Work task
Restate word for word the opening line of the data below and every line after it until the line with "Sustainable and Naturally", that line too, but not the pictures.

[Opening Supplied data section]

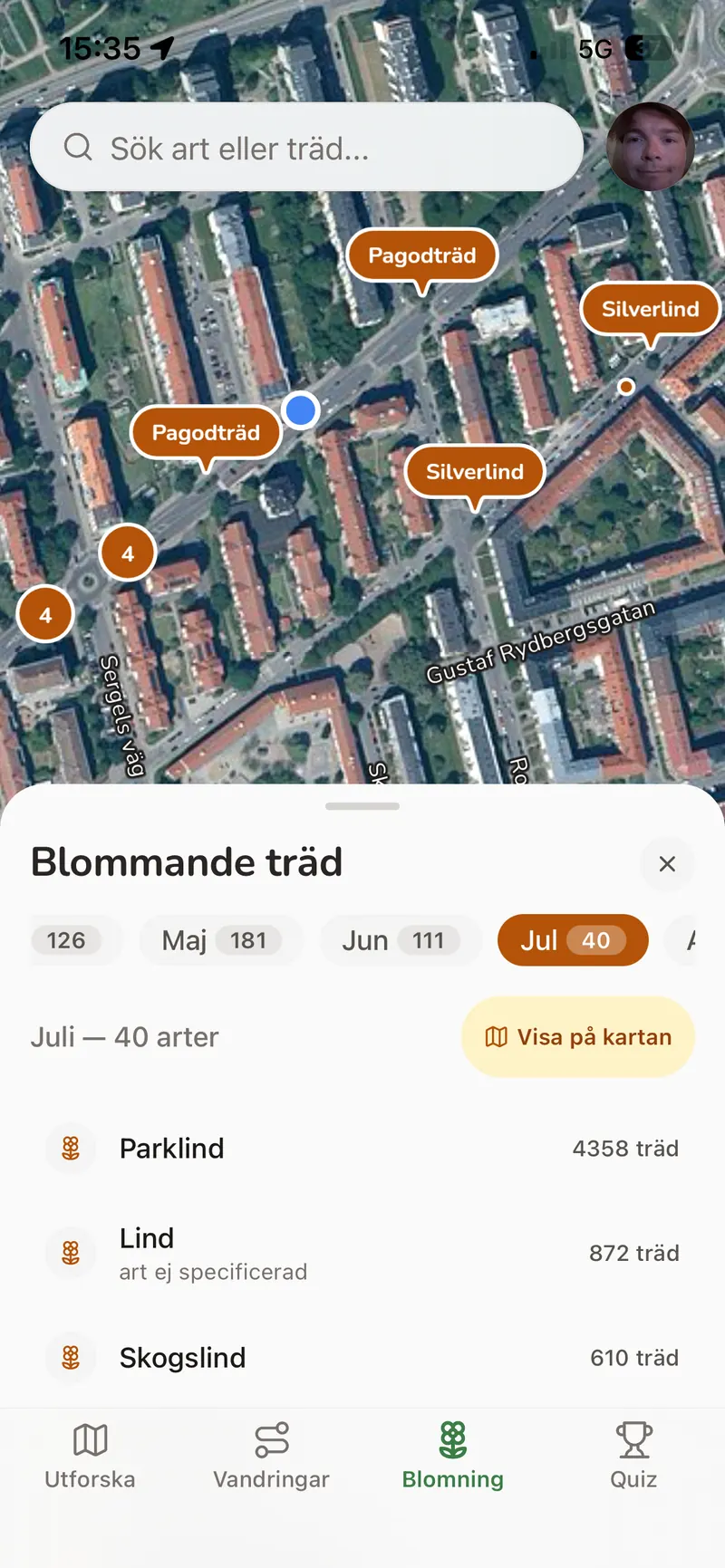 Blommande träd i juli: listan med arter och träden som blommar på kartan.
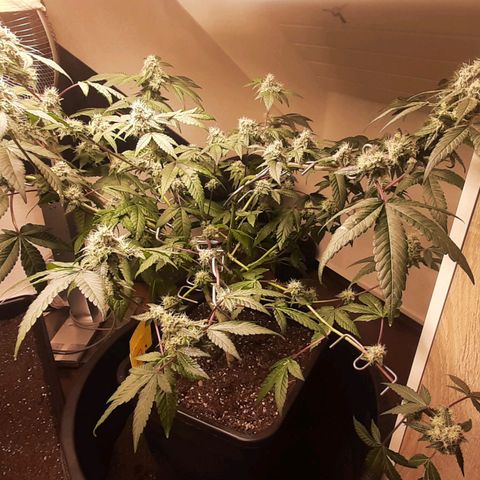 Mehrere Oreoz Pflanzen und Zyklen  growlog timeline photo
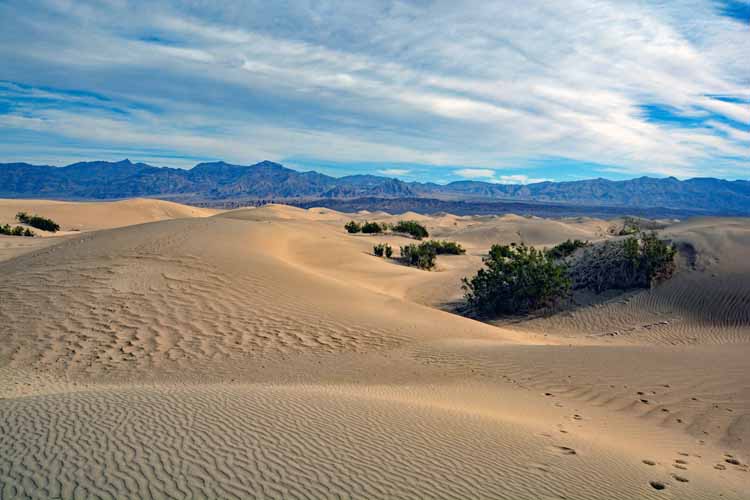 sand dunes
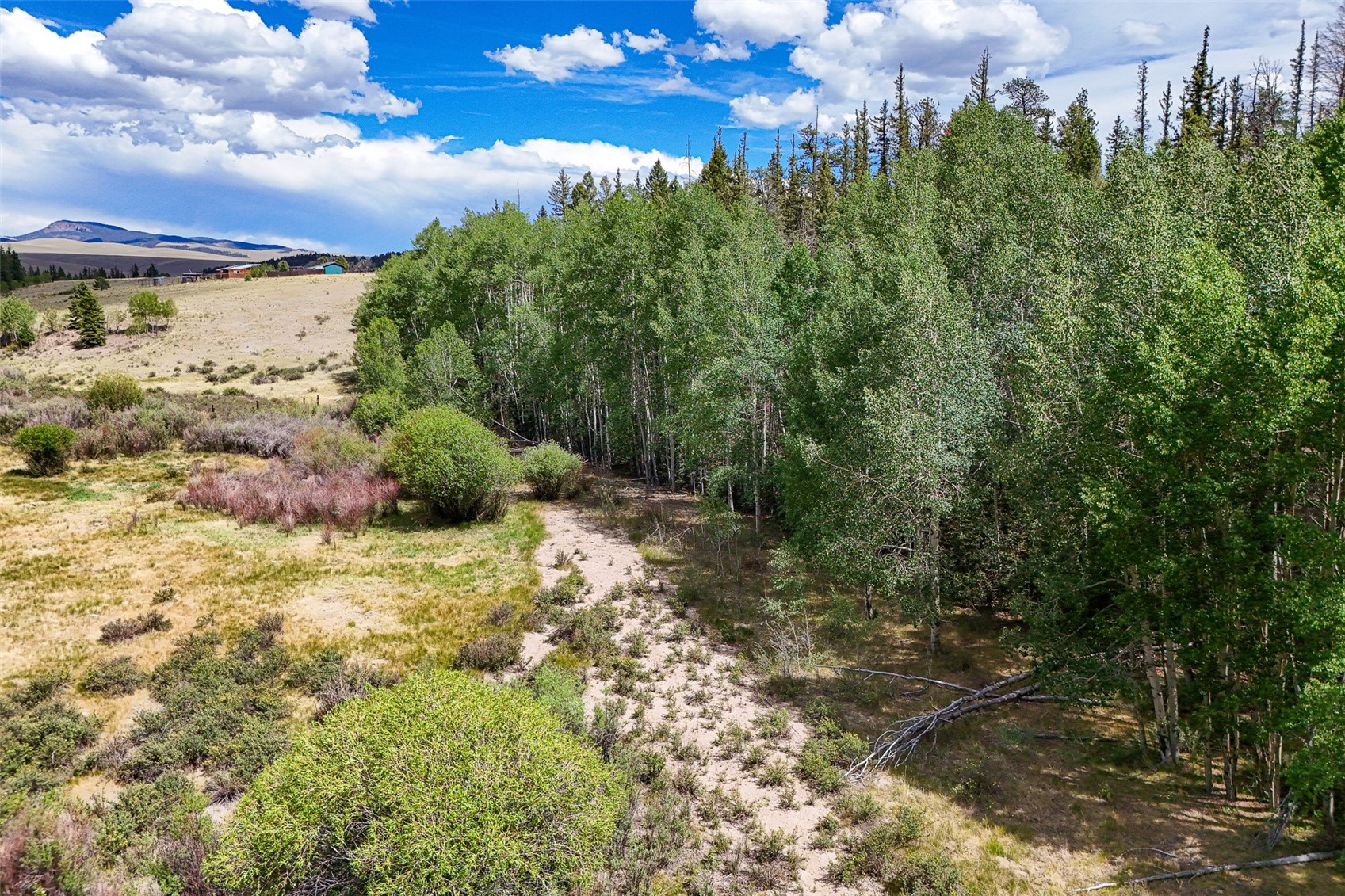 1111 Latigo Loop Hartsel, CO 80449 - Photo 8 of 20
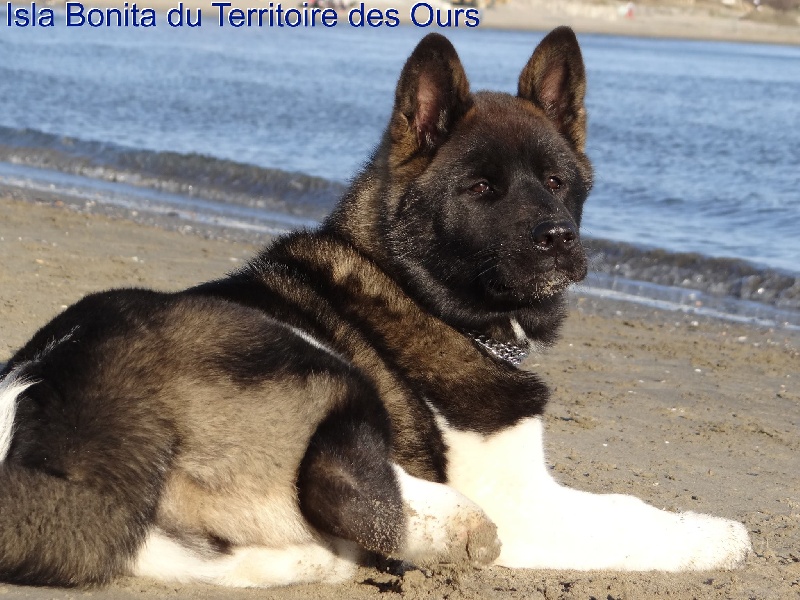 Isla bonita du Territoire Des Ours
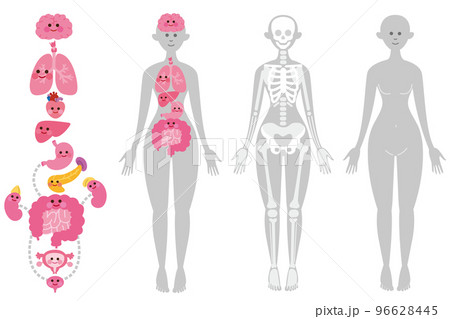 顔つき内臓　骨格　ボディ　3セット（ボディグレー） 96628445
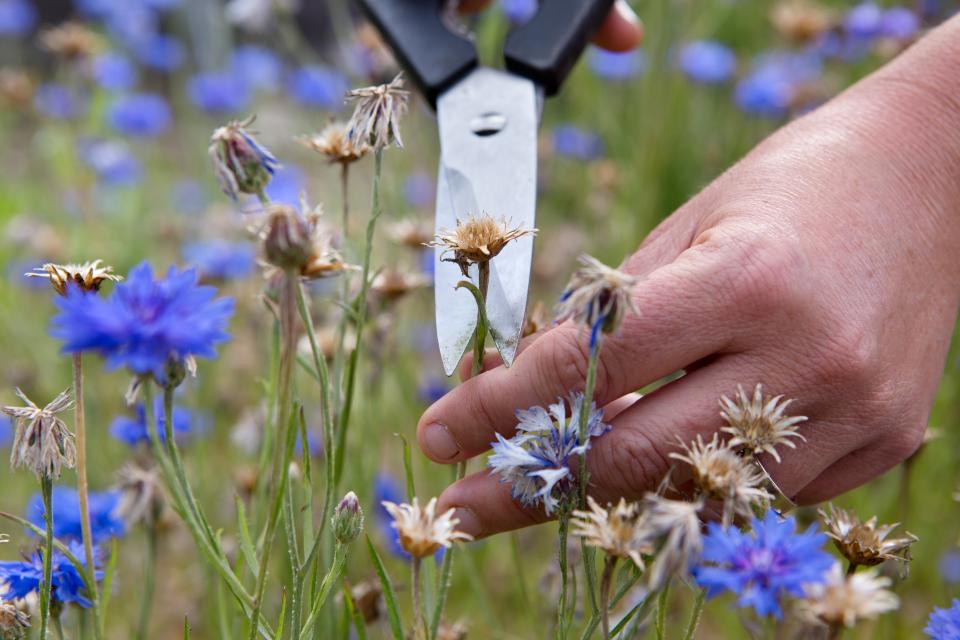 Green fingers: collecting seeds from a friend’s garden (with their permission, of course) is a great way to get flowers for freePR handout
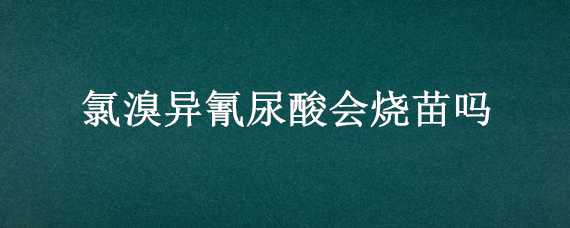 氯溴异氰尿酸会烧苗吗（氯溴异氰尿酸对幼苗有害吗）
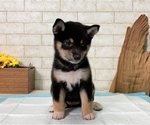 Small Photo #6 Shiba Inu Puppy For Sale in MANHATTAN, NY, USA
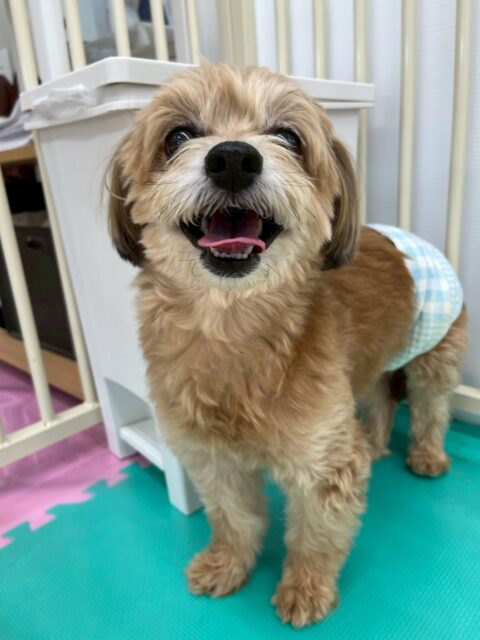 初来園のコジロウちゃん🐶
本日は幼稚園体験の時と違い、かなり園内を歩き回ったり、みんなとコミュニケーションが取れていました👍
最初は緊張していましたが、だんだん緊張も取れて、リラックスした表情でした👏
お散歩トレーニングでは、初めての場所で緊張があったのか全く問題なく上手にお散歩をしてくれていました🎉
🐾🐶愛犬のお悩みご相談ください🐶🐾
@kenkohmura_official
↑フォロー待ってます↑
〒955-0091 新潟県三条市上須頃大割428−1
☎︎ 0256-35-2571
✉️ info@kenkohmura.jp
HP: http://kenkohmura.jp
LINE: https://lin.ee/7LIz5sb
#犬幸村#犬の幼稚園 #吠える、噛む #犬のしつけ #トイレ
ミックスミックス犬ミックス犬可愛いミックス犬大好きミックス犬倶楽部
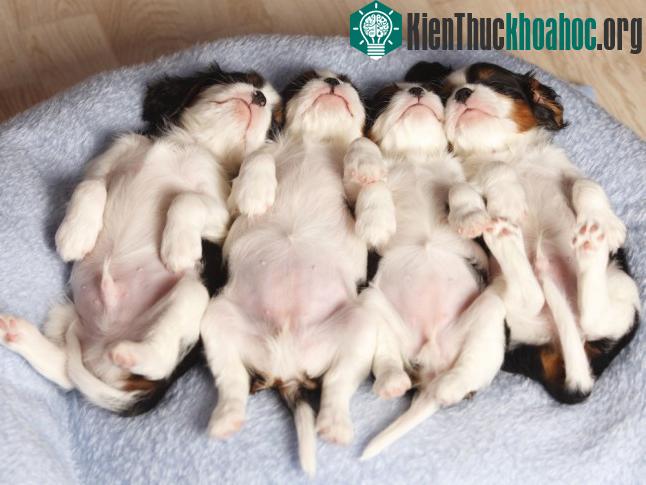 Chó nhỏ có thời gian chìm vào giấc ngủ sâu nhiều hơn so với chó lớn.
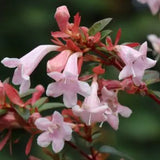 Pink Piñata abelia shrub with pink flowers in a pot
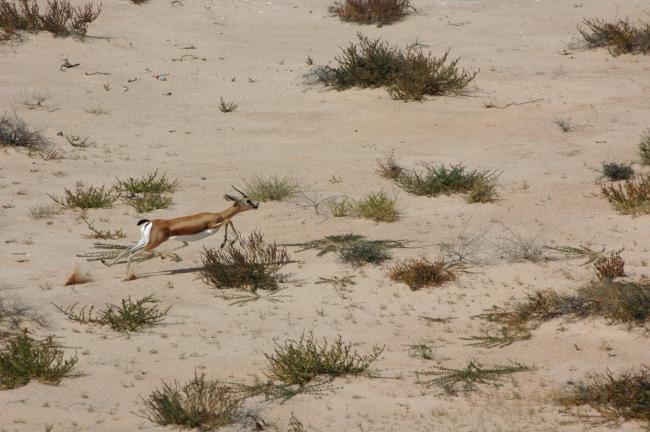 Gazelle dorcas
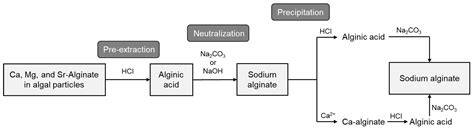 Sustainable and Naturally Derived Wet Spun Fibers: A Systematic ...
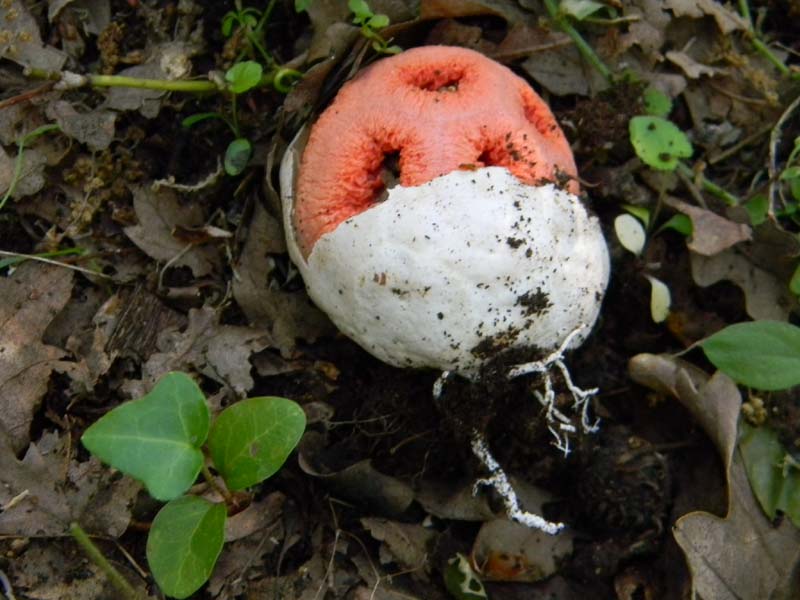 Alcuni ritrovamenti del 17.05. 2011.sotto Quercia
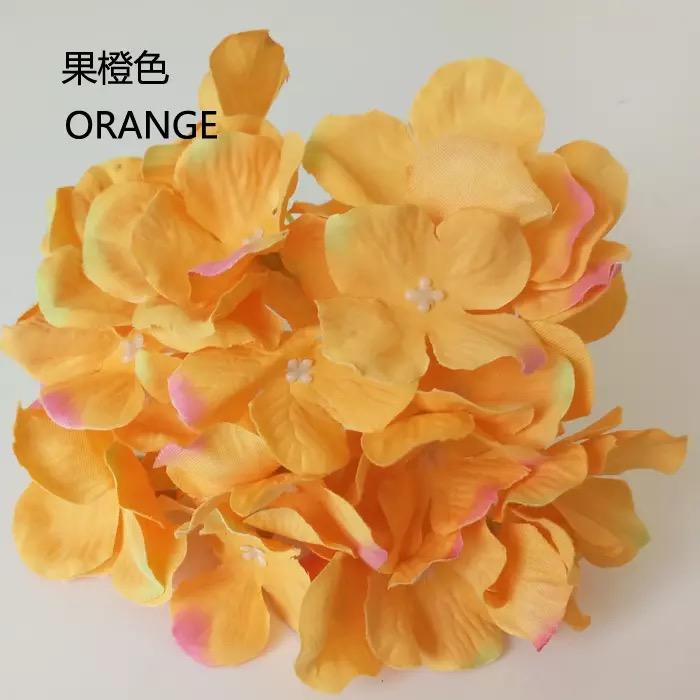 orange hydrangea head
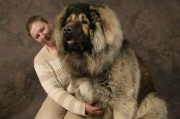 高加索犬幼犬为何会剪掉耳朵？（解析高加索犬耳朵被剪的原因及影响）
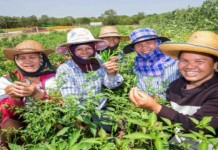 ส่งเสริมชาวบ้านปลูกผักกลางนาเสริมรายได้ ช่วงภัยแล้ง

[Closing Supplied data section]

Final answer
 Blommande träd i juli: listan med arter och träden som blommar på kartan.
 Mehrere Oreoz Pflanzen und Zyklen  growlog timeline photo
 sand dunes
 1111 Latigo Loop Hartsel, CO 80449 - Photo 8 of 20
 Isla bonita du Territoire Des Ours
 顔つき内臓　骨格　ボディ　3セット（ボディグレー） 96628445
 Green fingers: collecting seeds from a friend’s garden (with their permission, of course) is a great way to get flowers for freePR handout
 氯溴异氰尿酸会烧苗吗（氯溴异氰尿酸对幼苗有害吗）
 Small Photo #6 Shiba Inu Puppy For Sale in MANHATTAN, NY, USA
 初来園のコジロウちゃん🐶
本日は幼稚園体験の時と違い、かなり園内を歩き回ったり、みんなとコミュニケーションが取れていました👍
最初は緊張していましたが、だんだん緊張も取れて、リラックスした表情でした👏
お散歩トレーニングでは、初めての場所で緊張があったのか全く問題なく上手にお散歩をしてくれていました🎉
🐾🐶愛犬のお悩みご相談ください🐶🐾
@kenkohmura_official
↑フォロー待ってます↑
〒955-0091 新潟県三条市上須頃大割428−1
☎︎ 0256-35-2571
✉️ info@kenkohmura.jp
HP: http://kenkohmura.jp
LINE: https://lin.ee/7LIz5sb
#犬幸村#犬の幼稚園 #吠える、噛む #犬のしつけ #トイレ
ミックスミックス犬ミックス犬可愛いミックス犬大好きミックス犬倶楽部
 Chó nhỏ có thời gian chìm vào giấc ngủ sâu nhiều hơn so với chó lớn.
 Pink Piñata abelia shrub with pink flowers in a pot
 Gazelle dorcas
 Sustainable and Naturally Derived Wet Spun Fibers: A Systematic ...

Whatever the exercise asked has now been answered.